### Task details
Transcribe nothing except the lines below that run from the one with "Hyundai i30 1.6 CRDi 115 Confort" to the one with "王者荣耀开团被反杀,王者荣耀开团必死", ends included, and do not copy any picture.

### Exercise data
------------

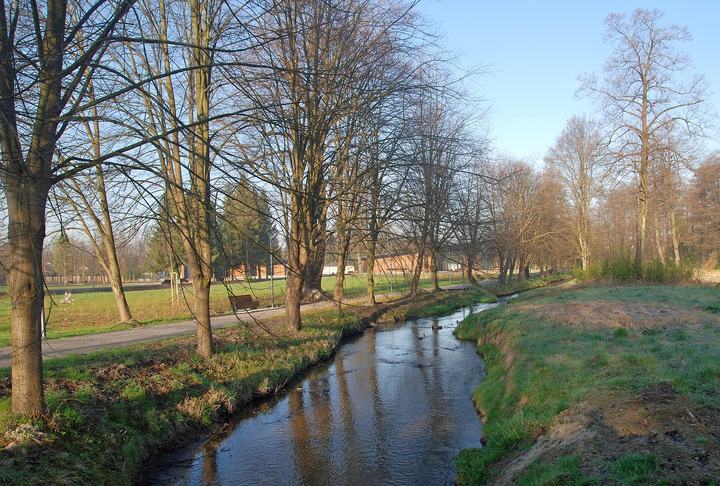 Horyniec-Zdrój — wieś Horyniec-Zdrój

------------

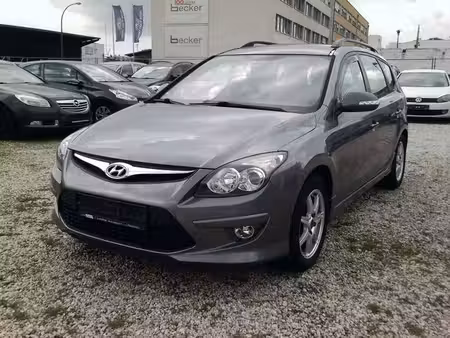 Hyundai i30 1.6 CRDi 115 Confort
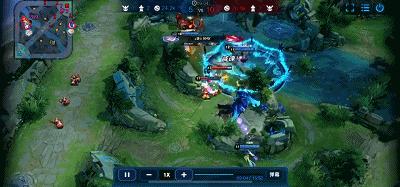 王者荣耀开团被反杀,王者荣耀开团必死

------------

### Completed exercise
 Hyundai i30 1.6 CRDi 115 Confort
 王者荣耀开团被反杀,王者荣耀开团必死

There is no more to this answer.